Gait biomechanics phenotypes among total knee arthroplasty candidates by machine learning cluster analysis

Knee osteoarthritis patient phenotyping is relevant to developing targeted treatments and assessing the treatment efficacy of total knee arthroplasty (TKA). This study aimed to identify clusters among TKA candidates based on demographic and knee mechanic features during gait, and compare gait changes between clusters postoperatively. TKA patients underwent 3D gait analysis 1-week pre (n = 134) and 1-year post-TKA (n = 105). Principal component analysis was applied to frontal and sagittal knee angle and moment waveforms, extracting major patterns of variability.

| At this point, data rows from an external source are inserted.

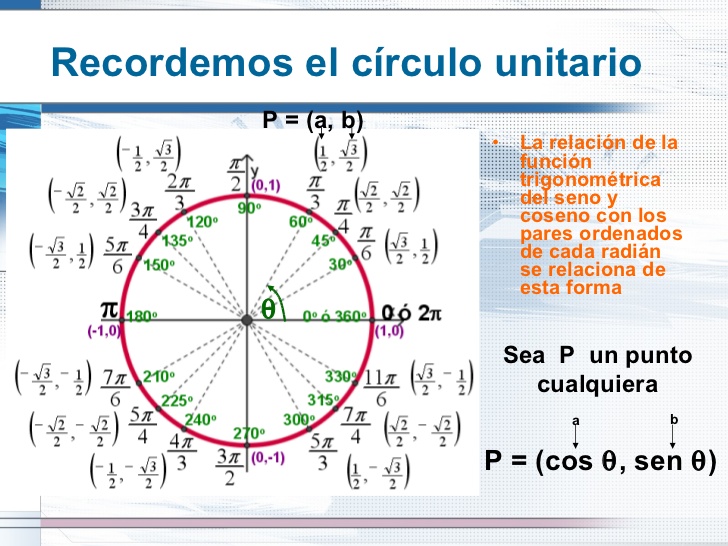 nesesito los 82 rumbos de la rosa de los vientos y luego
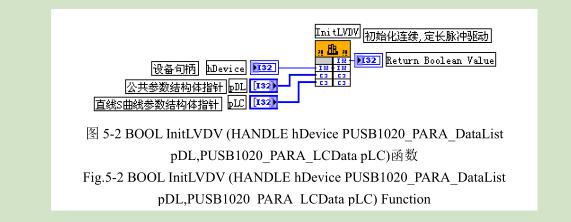 凹版印刷機(jī)測試平臺(tái)程序設(shè)計(jì)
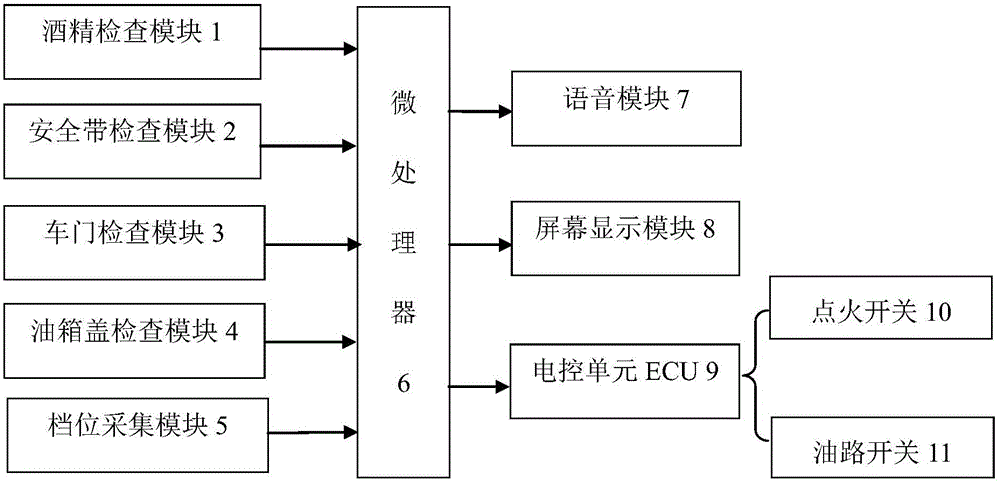 Automobile safety start-up system and method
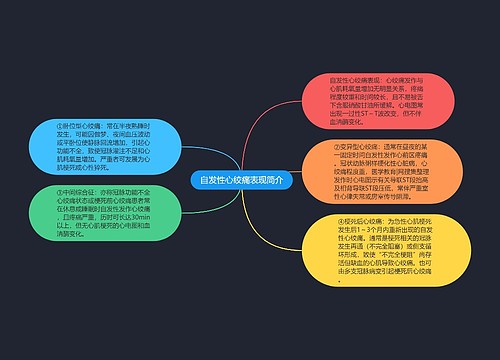 自发性心绞痛表现简介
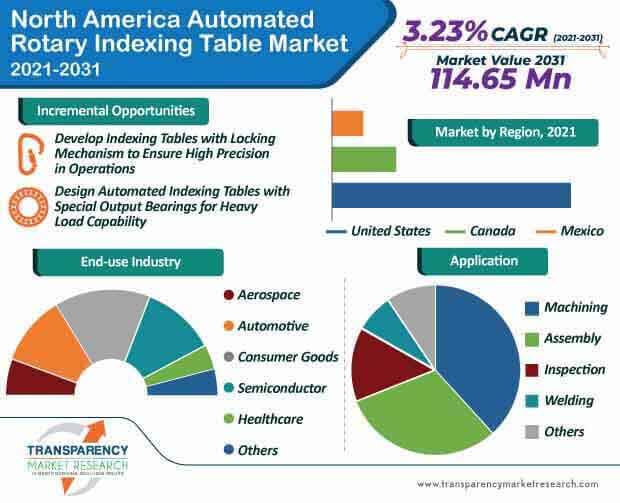 north america automated rotary indexing table market infographic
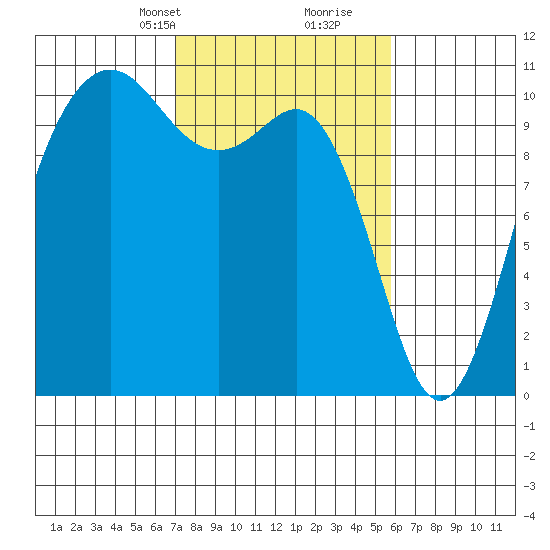 Zelatched Point tide chart for Tuesday, February 23, 2021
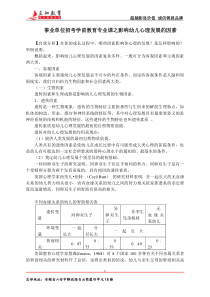 事业单位招考学前教育专业课之影响幼儿心理发展的因素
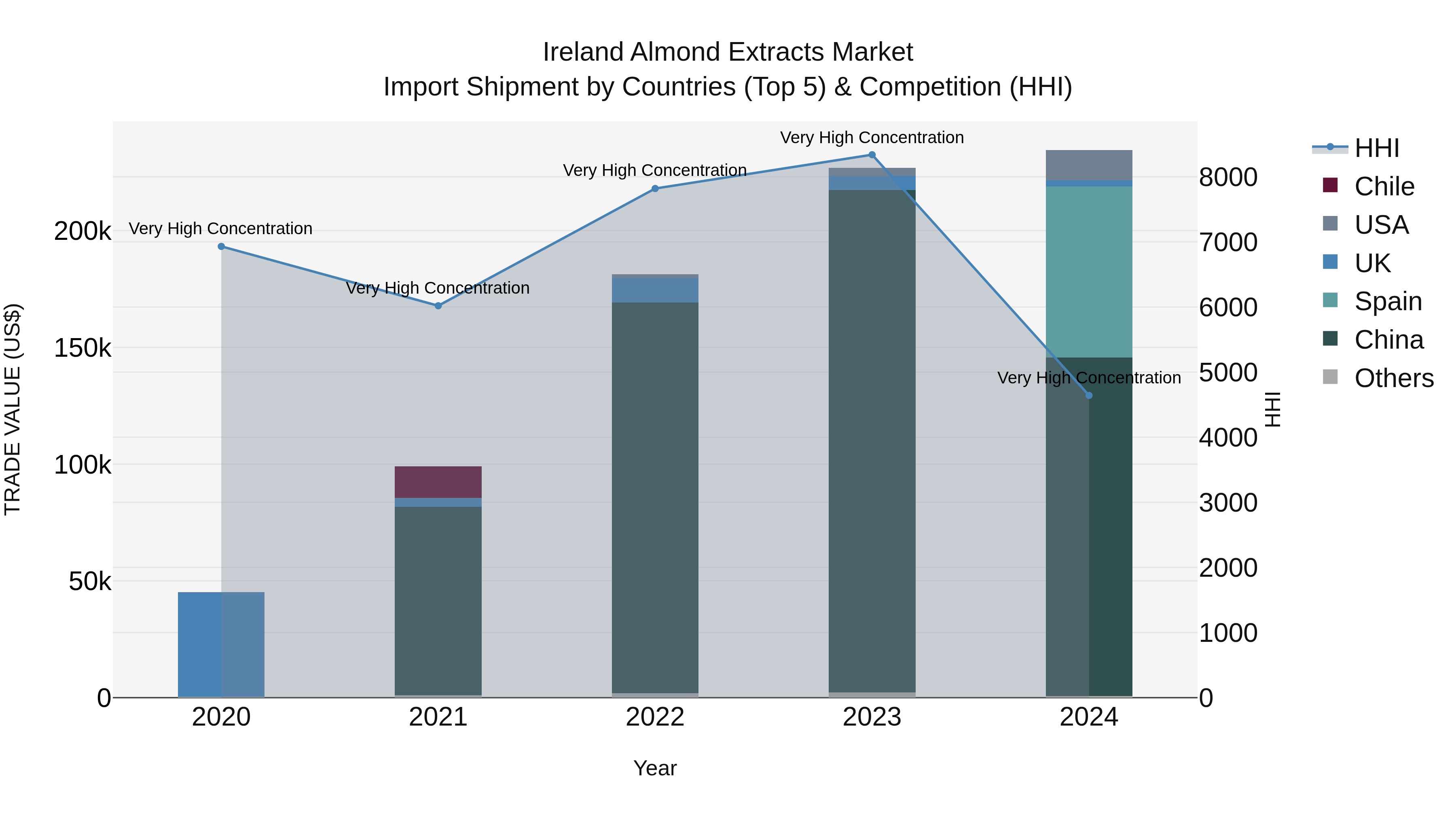 Ireland Almond Extracts Market Top 5 Importing Countries and Market Competition (HHI) Analysis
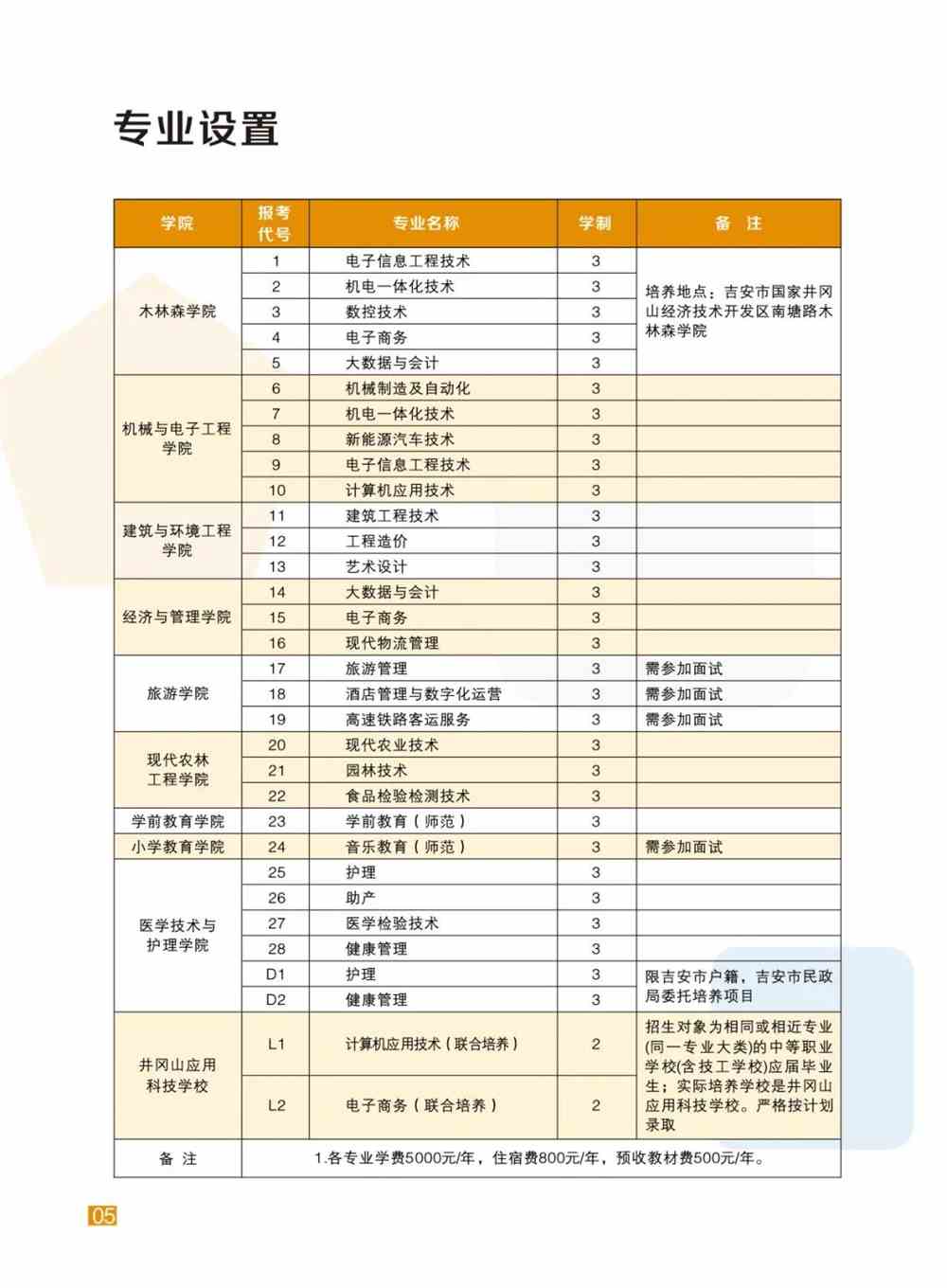 2021吉安职业技术学院单招专业有哪些？
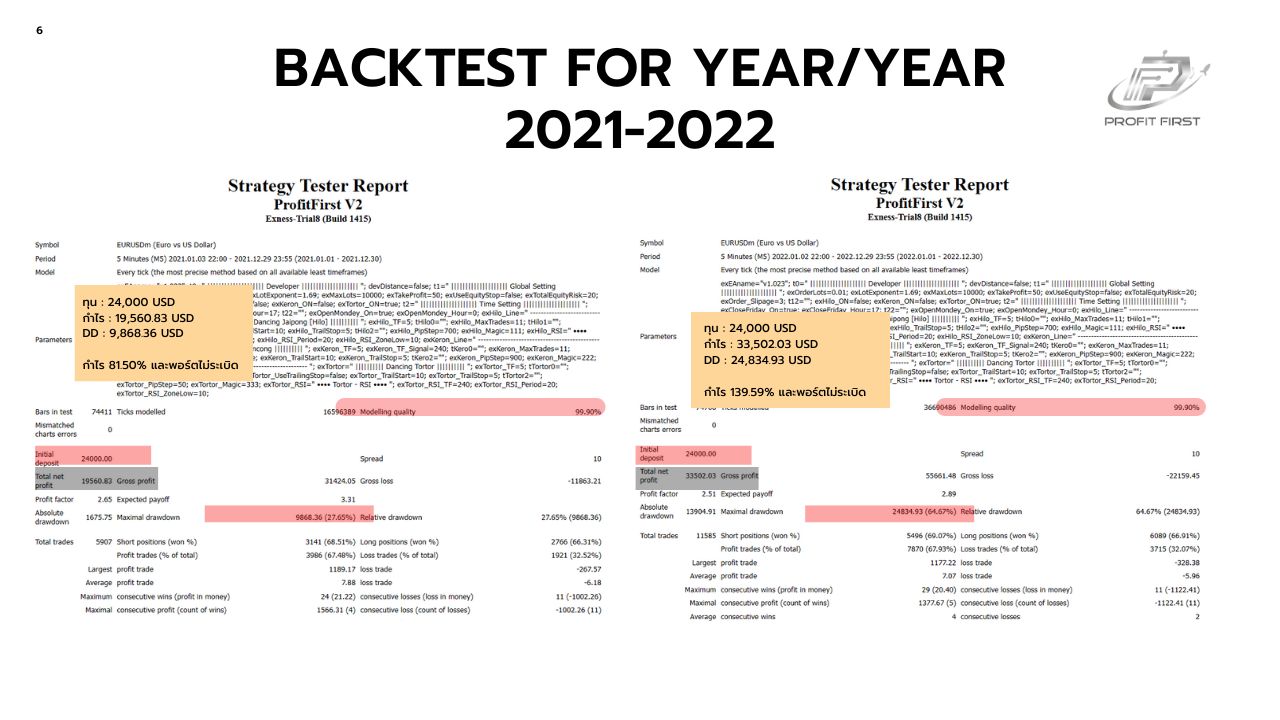 Backtest Forex EA ProfitFirst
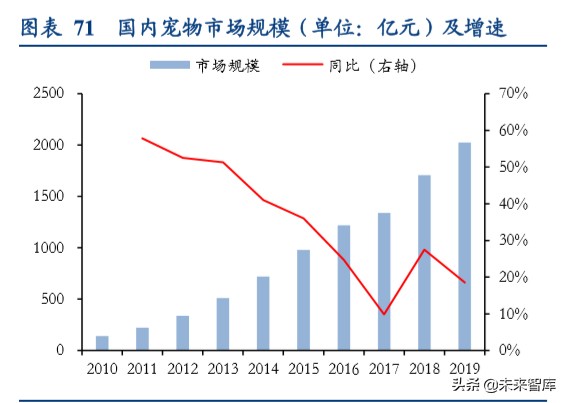 动物保健行业深度报告：后非瘟时代的动保行业逻辑演绎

Age, sex, body mass index, gait speed, and frontal and sagittal pre-TKA angle and moment PC scores previously identified as relevant to TKA outcomes were standardized (mean = 0, SD = 1, [134 × 15]). Multidimensional scaling and machine learning-based hierarchical clustering were applied. Final clusters were validated by examining intercluster differences pre-TKA and gait feature changes (Post_PCscore - Pre_PCscore ) by k-way Χ² and ANOVA tests. Four TKA candidate phenotypes yielded optimum clustering metrics, interpreted as higher and lower functioning clusters that were predominantly male and female. Higher functioning clusters pre-TKA (clusters 1 and 4) had more dynamic sagittal flexion moment (p < 0.001) and frontal plane adduction moment (p < 0.001) loading/un-loading patterns during stance. Post-TKA, higher functioning clusters demonstrated less knee mechanic improvements during gait (flexion angle p < 0.001; flexion moment p < 0.001). TKA candidates can be characterized by four clusters, predominately separated by sex and knee joint biomechanics. Post-TKA knee kinematics and kinetics improvements were cluster-specific; lower functioning clusters experienced more improvement. Cluster-based patient profiling may aid in triaging and developing OA management and surgical strategies meeting group-level function needs.